▶ [THE TASK] Any picture in the range stays out of the copy; retype exactly the lines from the one with "mehrfarbiges horizontal gestreiftes" to the end of the listing.

▶ [STORED DATA]
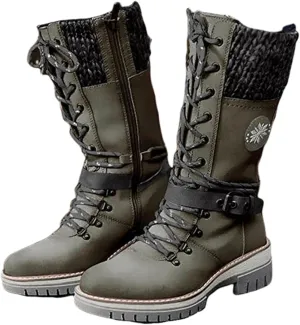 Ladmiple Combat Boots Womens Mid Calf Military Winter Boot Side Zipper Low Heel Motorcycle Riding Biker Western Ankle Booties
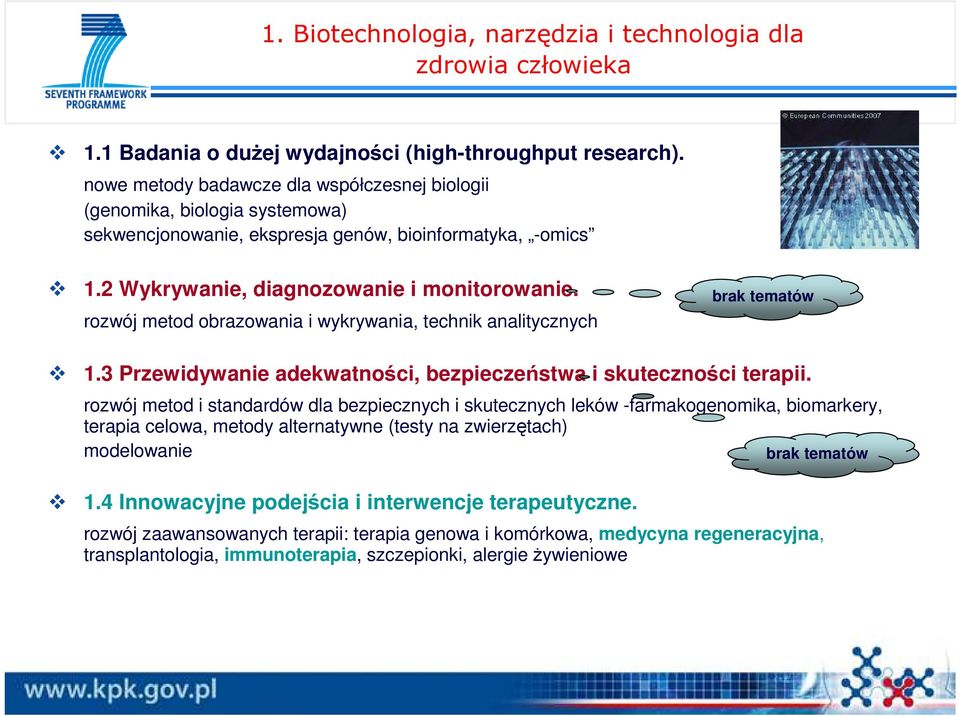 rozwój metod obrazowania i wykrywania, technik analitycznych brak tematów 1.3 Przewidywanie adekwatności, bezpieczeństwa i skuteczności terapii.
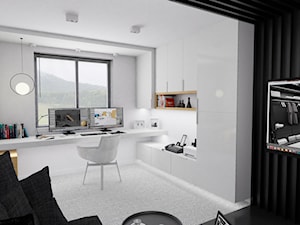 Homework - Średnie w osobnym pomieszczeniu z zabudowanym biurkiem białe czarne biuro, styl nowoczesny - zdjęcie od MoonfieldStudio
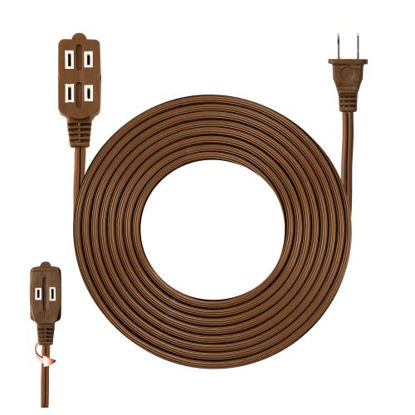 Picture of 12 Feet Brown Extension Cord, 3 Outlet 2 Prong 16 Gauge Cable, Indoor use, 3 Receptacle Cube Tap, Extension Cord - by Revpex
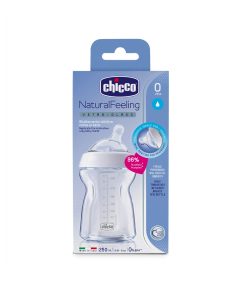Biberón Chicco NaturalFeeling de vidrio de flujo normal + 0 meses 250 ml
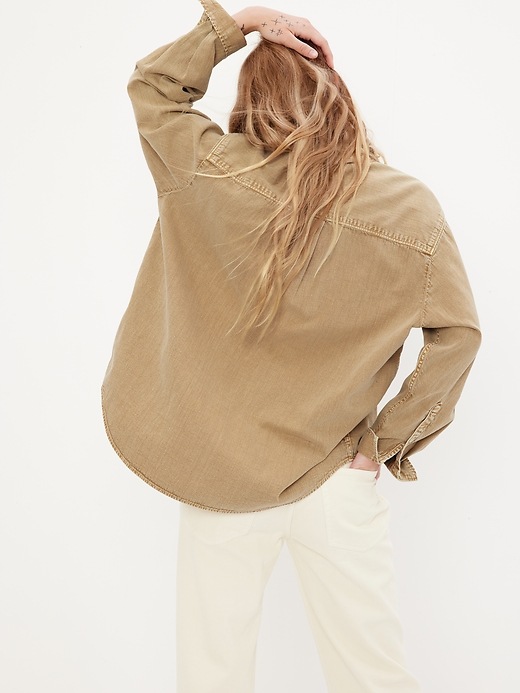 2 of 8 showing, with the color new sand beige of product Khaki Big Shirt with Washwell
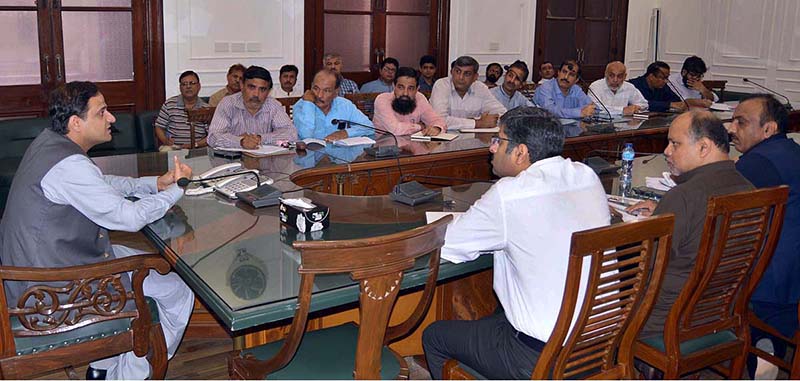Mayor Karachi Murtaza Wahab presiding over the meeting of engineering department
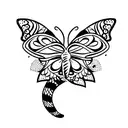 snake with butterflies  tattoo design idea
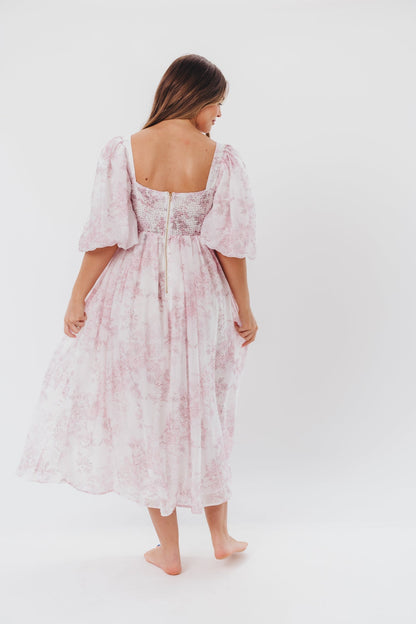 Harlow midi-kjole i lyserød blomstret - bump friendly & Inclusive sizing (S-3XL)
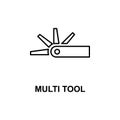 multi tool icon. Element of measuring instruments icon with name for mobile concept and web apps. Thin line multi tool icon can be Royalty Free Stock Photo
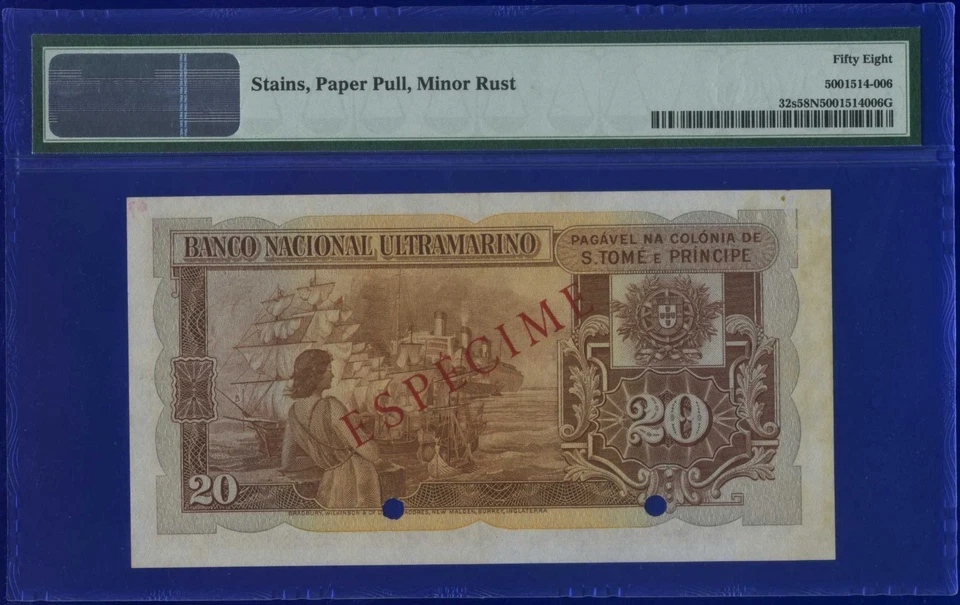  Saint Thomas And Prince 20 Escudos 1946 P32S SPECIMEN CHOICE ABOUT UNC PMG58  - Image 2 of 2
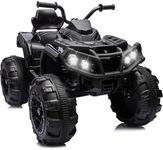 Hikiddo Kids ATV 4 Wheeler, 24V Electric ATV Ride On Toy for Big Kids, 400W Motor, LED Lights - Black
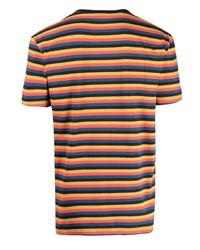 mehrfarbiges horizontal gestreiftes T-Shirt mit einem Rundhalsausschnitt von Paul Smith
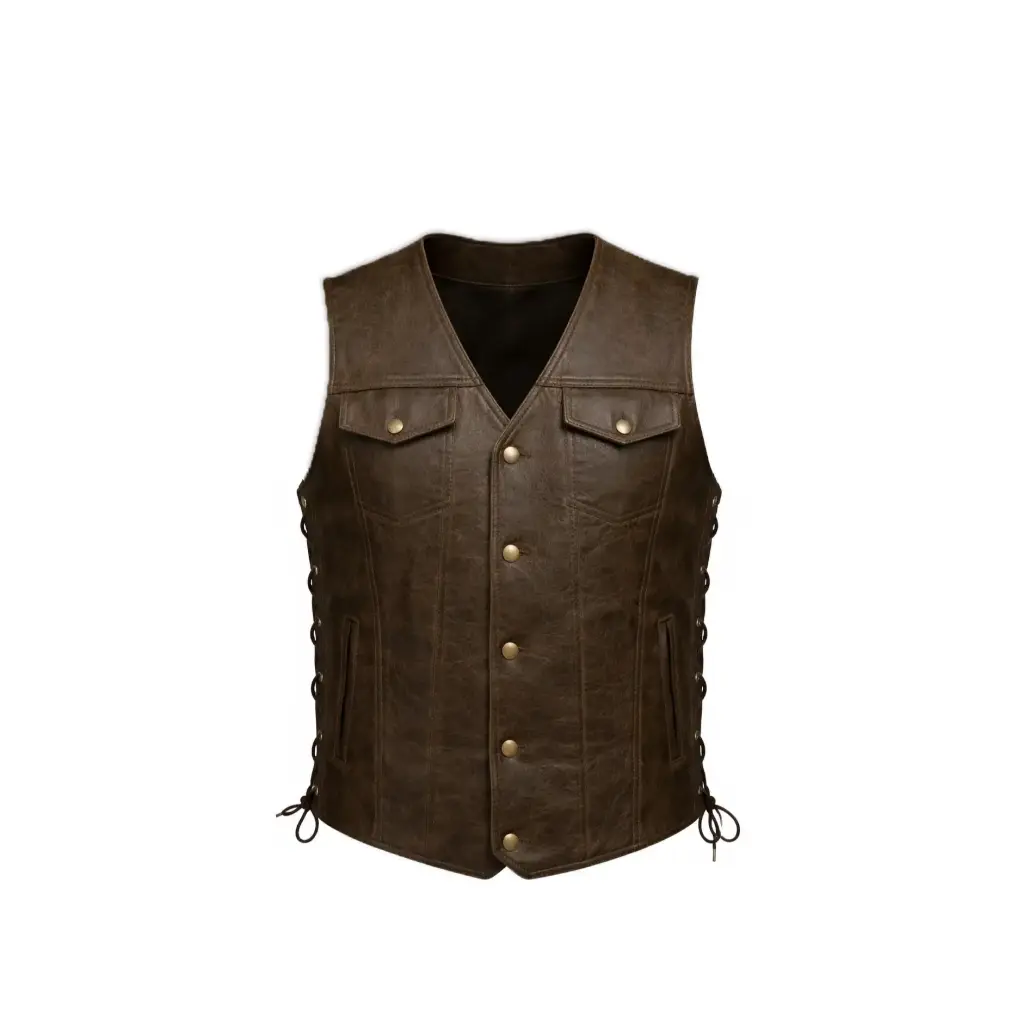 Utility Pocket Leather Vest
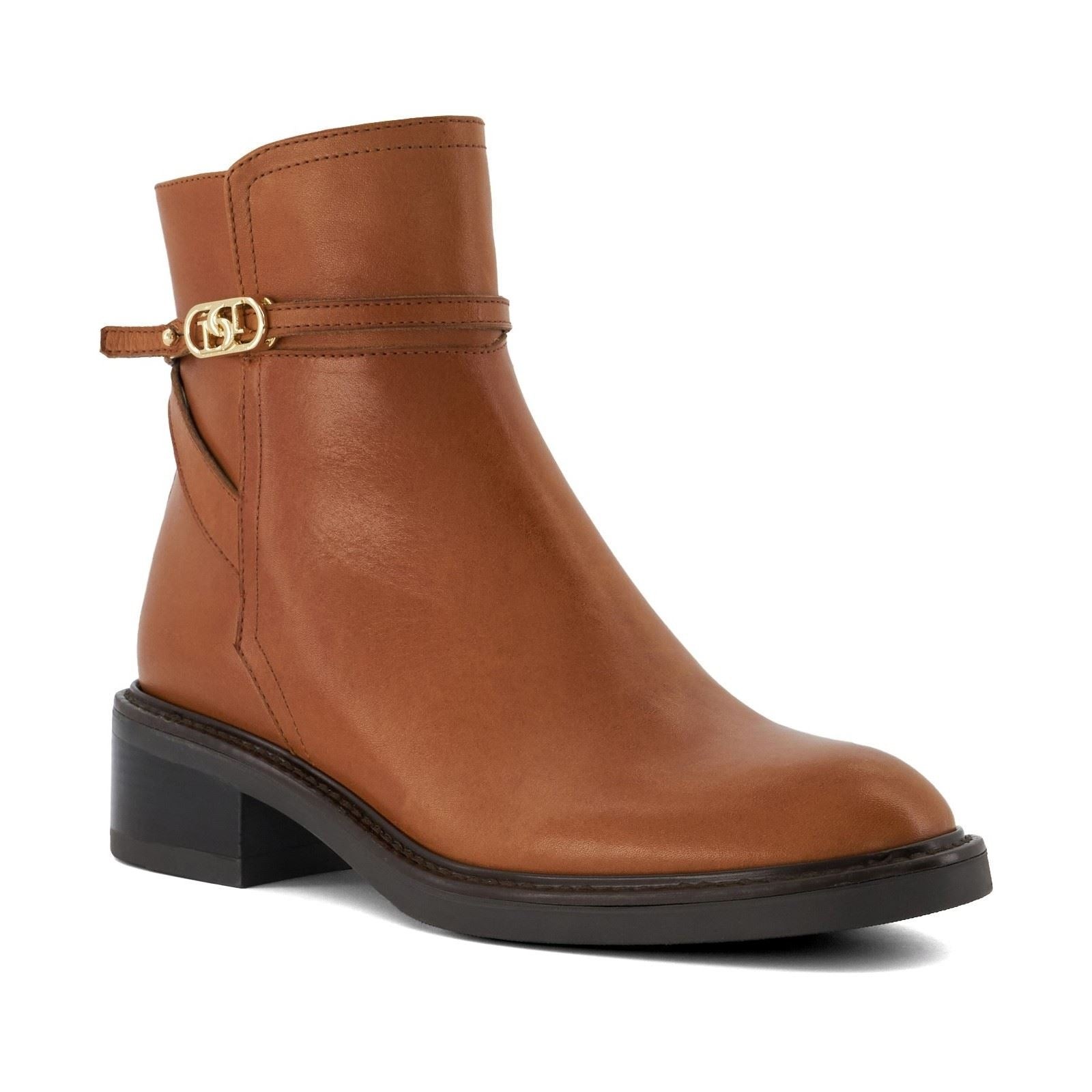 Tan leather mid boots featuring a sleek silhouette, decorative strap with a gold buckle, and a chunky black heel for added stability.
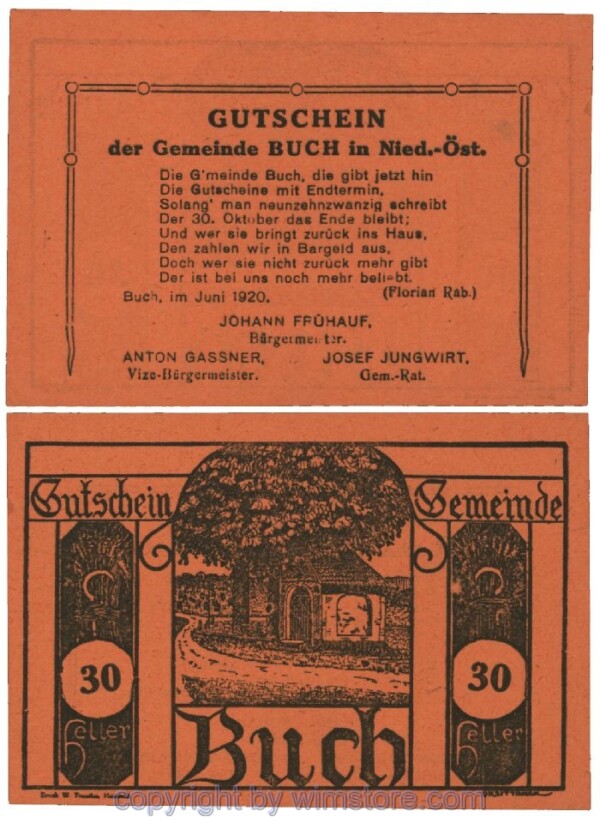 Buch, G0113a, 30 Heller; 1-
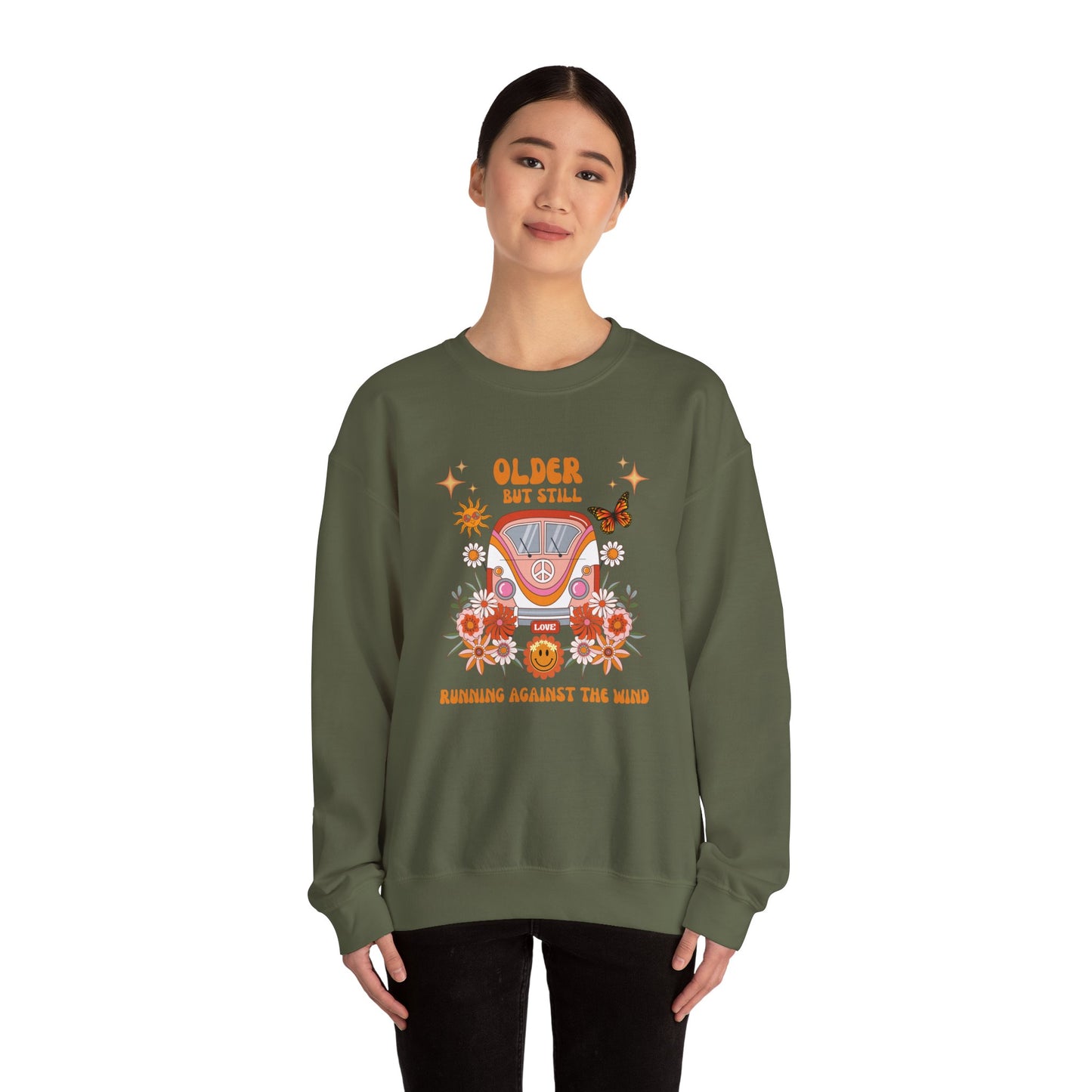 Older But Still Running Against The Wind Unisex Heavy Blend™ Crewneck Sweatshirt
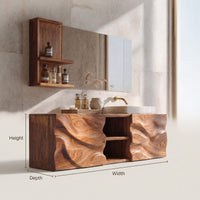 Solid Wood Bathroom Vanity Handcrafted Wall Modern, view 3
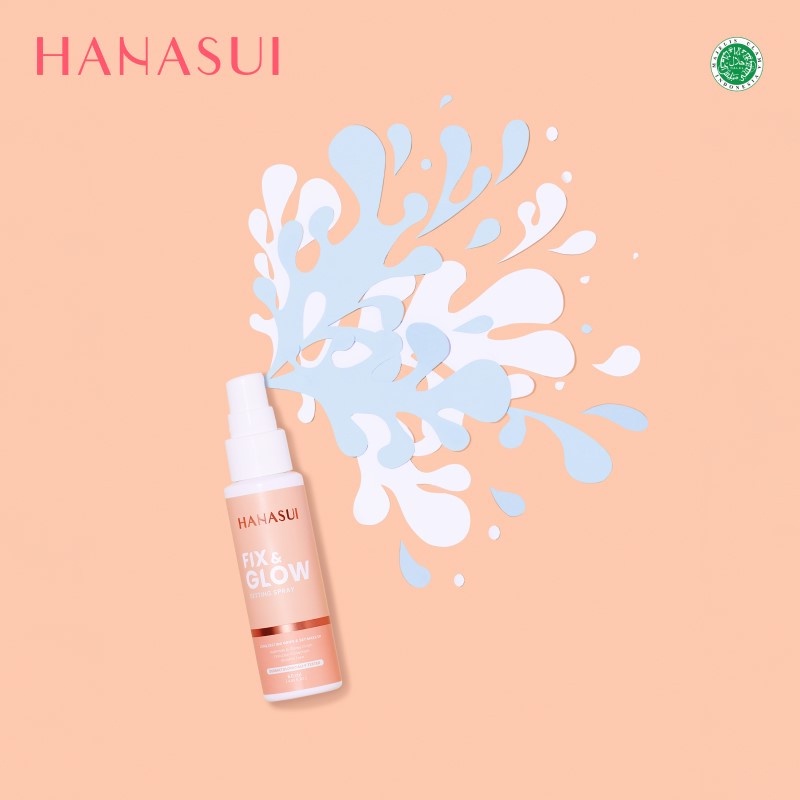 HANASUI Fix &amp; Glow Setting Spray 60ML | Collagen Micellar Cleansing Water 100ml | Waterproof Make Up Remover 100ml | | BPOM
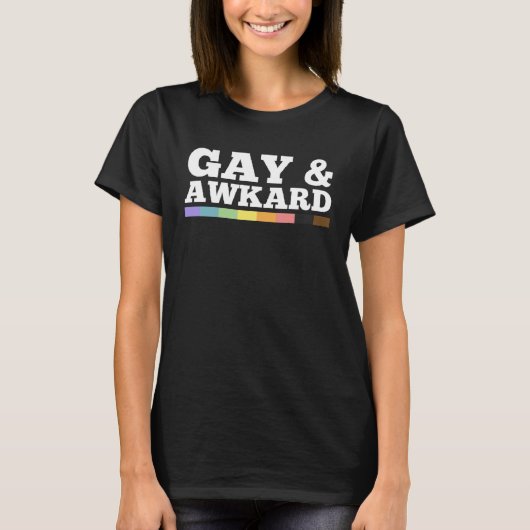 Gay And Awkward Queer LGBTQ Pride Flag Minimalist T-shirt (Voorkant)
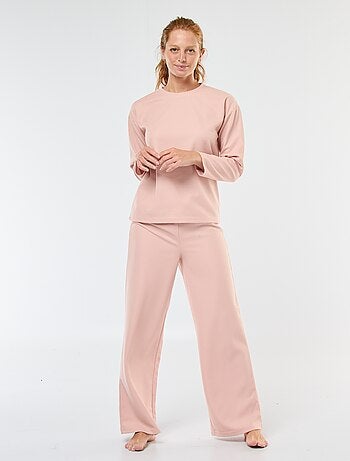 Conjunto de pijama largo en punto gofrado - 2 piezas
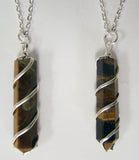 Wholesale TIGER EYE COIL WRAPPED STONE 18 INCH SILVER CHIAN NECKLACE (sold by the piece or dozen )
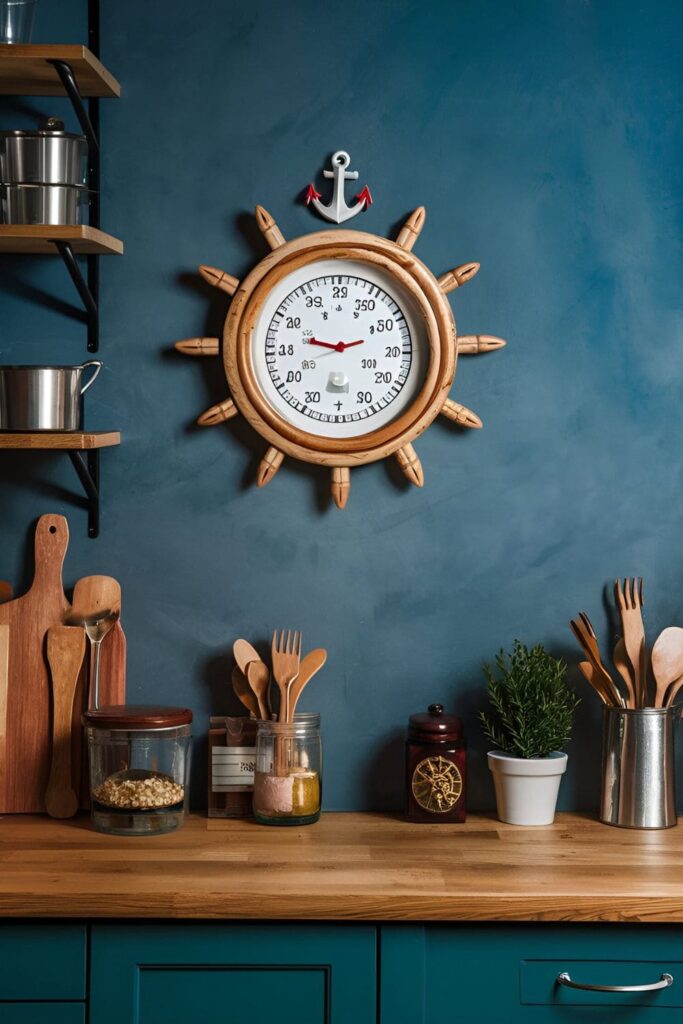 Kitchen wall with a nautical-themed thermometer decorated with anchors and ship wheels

▶ [EXPECTED OUTPUT]
 mehrfarbiges horizontal gestreiftes T-Shirt mit einem Rundhalsausschnitt von Paul Smith
 Utility Pocket Leather Vest
 Tan leather mid boots featuring a sleek silhouette, decorative strap with a gold buckle, and a chunky black heel for added stability.
 Buch, G0113a, 30 Heller; 1-
 Older But Still Running Against The Wind Unisex Heavy Blend™ Crewneck Sweatshirt
 Solid Wood Bathroom Vanity Handcrafted Wall Modern, view 3
 HANASUI Fix &amp; Glow Setting Spray 60ML | Collagen Micellar Cleansing Water 100ml | Waterproof Make Up Remover 100ml | | BPOM
 Gay And Awkward Queer LGBTQ Pride Flag Minimalist T-shirt (Voorkant)
 Conjunto de pijama largo en punto gofrado - 2 piezas
 Wholesale TIGER EYE COIL WRAPPED STONE 18 INCH SILVER CHIAN NECKLACE (sold by the piece or dozen )
 Kitchen wall with a nautical-themed thermometer decorated with anchors and ship wheels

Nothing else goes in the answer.